*** Opening of PROVIDED INFORMATION ***
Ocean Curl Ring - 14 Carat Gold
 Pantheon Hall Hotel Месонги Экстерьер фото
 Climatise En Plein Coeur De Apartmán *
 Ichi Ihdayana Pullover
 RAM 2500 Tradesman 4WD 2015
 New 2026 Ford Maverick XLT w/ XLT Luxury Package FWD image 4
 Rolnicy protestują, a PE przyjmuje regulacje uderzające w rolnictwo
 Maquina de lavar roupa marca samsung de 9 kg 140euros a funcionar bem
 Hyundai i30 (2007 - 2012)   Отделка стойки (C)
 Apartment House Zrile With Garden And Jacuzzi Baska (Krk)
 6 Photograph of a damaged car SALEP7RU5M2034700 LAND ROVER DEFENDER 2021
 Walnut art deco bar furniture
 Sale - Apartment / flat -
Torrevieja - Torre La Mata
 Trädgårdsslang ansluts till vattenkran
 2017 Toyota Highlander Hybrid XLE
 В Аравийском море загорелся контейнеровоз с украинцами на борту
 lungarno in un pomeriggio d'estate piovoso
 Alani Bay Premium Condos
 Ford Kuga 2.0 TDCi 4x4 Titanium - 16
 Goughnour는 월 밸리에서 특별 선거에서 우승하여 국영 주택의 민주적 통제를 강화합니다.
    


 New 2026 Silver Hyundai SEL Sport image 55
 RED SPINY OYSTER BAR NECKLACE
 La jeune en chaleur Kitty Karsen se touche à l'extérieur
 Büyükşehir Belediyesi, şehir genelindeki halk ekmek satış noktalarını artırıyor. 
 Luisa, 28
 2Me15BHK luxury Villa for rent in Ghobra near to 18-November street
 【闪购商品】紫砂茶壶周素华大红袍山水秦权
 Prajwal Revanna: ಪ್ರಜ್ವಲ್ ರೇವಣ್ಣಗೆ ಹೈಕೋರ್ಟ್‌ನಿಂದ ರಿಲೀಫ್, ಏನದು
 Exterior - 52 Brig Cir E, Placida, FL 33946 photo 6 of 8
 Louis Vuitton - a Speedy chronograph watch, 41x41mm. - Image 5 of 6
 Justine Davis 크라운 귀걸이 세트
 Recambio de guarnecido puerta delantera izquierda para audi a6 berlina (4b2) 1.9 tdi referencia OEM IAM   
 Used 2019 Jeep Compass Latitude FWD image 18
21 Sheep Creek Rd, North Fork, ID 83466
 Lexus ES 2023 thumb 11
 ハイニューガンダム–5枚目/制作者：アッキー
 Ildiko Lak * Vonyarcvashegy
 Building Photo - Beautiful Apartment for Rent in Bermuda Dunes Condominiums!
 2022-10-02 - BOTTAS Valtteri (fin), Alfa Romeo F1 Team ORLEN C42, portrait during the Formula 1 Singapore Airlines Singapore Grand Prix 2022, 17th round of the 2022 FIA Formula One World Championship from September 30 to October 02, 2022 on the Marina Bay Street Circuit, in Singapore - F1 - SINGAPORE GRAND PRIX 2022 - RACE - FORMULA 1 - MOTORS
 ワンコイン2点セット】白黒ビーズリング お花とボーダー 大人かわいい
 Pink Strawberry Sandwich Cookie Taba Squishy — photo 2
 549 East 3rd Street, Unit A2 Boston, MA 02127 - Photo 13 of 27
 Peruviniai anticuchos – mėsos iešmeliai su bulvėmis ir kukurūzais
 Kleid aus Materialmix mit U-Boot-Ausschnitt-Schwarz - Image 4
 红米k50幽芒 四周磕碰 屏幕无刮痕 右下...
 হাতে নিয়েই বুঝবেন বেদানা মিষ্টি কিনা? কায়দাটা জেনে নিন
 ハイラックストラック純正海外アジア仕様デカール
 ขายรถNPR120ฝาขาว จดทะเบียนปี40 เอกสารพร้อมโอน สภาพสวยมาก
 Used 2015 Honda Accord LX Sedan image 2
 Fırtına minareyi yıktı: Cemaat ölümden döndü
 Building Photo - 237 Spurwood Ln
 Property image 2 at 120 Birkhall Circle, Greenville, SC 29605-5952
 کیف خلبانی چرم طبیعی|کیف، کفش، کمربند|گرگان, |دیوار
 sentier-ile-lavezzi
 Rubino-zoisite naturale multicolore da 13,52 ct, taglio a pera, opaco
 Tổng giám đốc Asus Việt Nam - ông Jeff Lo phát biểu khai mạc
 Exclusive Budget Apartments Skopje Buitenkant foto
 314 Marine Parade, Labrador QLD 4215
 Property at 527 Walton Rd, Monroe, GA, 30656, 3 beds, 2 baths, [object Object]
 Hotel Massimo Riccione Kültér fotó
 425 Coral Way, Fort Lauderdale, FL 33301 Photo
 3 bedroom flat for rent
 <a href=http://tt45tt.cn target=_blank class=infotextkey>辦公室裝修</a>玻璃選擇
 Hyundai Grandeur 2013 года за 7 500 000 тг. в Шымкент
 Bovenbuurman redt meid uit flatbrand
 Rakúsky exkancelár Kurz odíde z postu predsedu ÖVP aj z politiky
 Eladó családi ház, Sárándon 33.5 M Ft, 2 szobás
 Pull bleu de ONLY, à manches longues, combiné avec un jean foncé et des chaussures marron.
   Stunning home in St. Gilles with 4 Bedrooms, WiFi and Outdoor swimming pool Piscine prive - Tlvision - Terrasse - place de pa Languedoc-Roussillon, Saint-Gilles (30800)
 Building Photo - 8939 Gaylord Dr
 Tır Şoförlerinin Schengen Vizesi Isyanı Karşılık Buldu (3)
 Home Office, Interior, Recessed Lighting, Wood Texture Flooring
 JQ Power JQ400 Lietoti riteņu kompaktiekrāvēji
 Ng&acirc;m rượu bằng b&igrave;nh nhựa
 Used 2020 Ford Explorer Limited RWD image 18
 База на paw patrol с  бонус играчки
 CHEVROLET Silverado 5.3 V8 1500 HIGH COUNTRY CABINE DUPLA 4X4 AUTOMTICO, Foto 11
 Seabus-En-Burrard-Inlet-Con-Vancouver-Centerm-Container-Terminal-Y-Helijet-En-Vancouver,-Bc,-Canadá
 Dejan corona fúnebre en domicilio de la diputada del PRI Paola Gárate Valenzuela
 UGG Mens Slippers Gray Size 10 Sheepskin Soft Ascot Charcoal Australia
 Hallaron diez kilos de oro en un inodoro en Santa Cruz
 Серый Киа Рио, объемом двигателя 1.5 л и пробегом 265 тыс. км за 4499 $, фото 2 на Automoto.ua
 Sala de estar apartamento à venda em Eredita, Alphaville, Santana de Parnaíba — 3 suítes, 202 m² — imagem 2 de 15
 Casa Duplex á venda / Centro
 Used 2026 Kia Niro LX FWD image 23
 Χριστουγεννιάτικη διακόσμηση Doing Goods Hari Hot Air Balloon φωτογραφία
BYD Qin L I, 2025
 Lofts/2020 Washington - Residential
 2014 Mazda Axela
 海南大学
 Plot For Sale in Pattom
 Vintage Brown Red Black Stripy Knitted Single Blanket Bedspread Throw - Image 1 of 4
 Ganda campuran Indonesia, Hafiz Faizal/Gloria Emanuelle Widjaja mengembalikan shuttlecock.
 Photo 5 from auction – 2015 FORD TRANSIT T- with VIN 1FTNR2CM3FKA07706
*** Close of PROVIDED INFORMATION ***
§ **YOUR INSTRUCTIONS**: Taking the entries above, write out exactly each line from the one holding "lungarno in un pomeriggio d'estate piovoso" to the one holding "Building Photo - Beautiful", both included, and stop there.

§ **TASK SOLUTION**:
 lungarno in un pomeriggio d'estate piovoso
 Alani Bay Premium Condos
 Ford Kuga 2.0 TDCi 4x4 Titanium - 16
 Goughnour는 월 밸리에서 특별 선거에서 우승하여 국영 주택의 민주적 통제를 강화합니다.
    


 New 2026 Silver Hyundai SEL Sport image 55
 RED SPINY OYSTER BAR NECKLACE
 La jeune en chaleur Kitty Karsen se touche à l'extérieur
 Büyükşehir Belediyesi, şehir genelindeki halk ekmek satış noktalarını artırıyor. 
 Luisa, 28
 2Me15BHK luxury Villa for rent in Ghobra near to 18-November street
 【闪购商品】紫砂茶壶周素华大红袍山水秦权
 Prajwal Revanna: ಪ್ರಜ್ವಲ್ ರೇವಣ್ಣಗೆ ಹೈಕೋರ್ಟ್‌ನಿಂದ ರಿಲೀಫ್, ಏನದು
 Exterior - 52 Brig Cir E, Placida, FL 33946 photo 6 of 8
 Louis Vuitton - a Speedy chronograph watch, 41x41mm. - Image 5 of 6
 Justine Davis 크라운 귀걸이 세트
 Recambio de guarnecido puerta delantera izquierda para audi a6 berlina (4b2) 1.9 tdi referencia OEM IAM   
 Used 2019 Jeep Compass Latitude FWD image 18
21 Sheep Creek Rd, North Fork, ID 83466
 Lexus ES 2023 thumb 11
 ハイニューガンダム–5枚目/制作者：アッキー
 Ildiko Lak * Vonyarcvashegy
 Building Photo - Beautiful Apartment for Rent in Bermuda Dunes Condominiums!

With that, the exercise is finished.